Lots of things sound good in a perfect world, but we don't live in one.

3 comments

Music composers existed before music sheets were copyrightable - and that was what copyright was invented for...

Without copyright, some business models would have to change, but to say that knowledge "would not be generated" is simply false.

I was responding to an obvious exaggeration in kind, which was a bad move on my part.

Yes people can and will still continue to do stuff for the sake of it. Some of it will be amazing. The huge things like building the next 5 CPU generations though, is that going to be practical? Who will fund that, and why?

Trying not to get political but the end of copyright feels like communism to me. No private property and all that. While I didn't live through it myself, the associated trauma WRT the USSR certainly left some deep scars that people still haven't healed from.

In any case, if -- and it's a big if -- AI continues to develop at the current rate, a solution like UBI will have to be seriously considered. Economies probably don't function when people don't create value, earn, or spend.

There is some confusion between copyright and patents here. Copyright forbids transmission of knowledge; patents forbid manufacturing. The incentives to manufacture CPUs would still be there if copyright were to be abolished, because patents would still work.

What AI demolishes is the pretense that human art is rare and precious, a scarce resource to channel through forced rivers in order to make money.

What machine-learning will probably result in, is a U-turn from the "knowledge economy", based on gatekeeping information, back into manufacturing-oriented systems, based on actually making stuff.

> With no copyright and intellectual property knowledge wouldn't be free, it simply would cease to be generated. If you can't profit (at least modestly) from your work, there's no incentive to perform that work.

A certain group of people would stop creating content while a new bigger cohort would start, I'm sure it would be a societal gain.

See my other comment for a more expanded take, but let's go with Intel for example. If they had to do all work out in the open, and share all progress they make, all they could compete on would be timing and pricing.
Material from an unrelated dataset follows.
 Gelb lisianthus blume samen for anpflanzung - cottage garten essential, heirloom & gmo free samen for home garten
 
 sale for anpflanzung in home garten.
Pricing isn't going to be something they are likely to win on, and the timing is either time to market, or time to release IP. For the former, why buy i9 for $1000 when you can be an Indian alternative for $500 in, let's say, 6 months? For the latter, if companies can release findings after some fuzzy period like "when the prototypes have been validated," that's still IP but with a timed secrecy.

I bet you didn't even get paid for writing this comment.
I would contribute to a lot of open source projects if it took a few minutes at a time. Working full-time hours over many years is a different question however.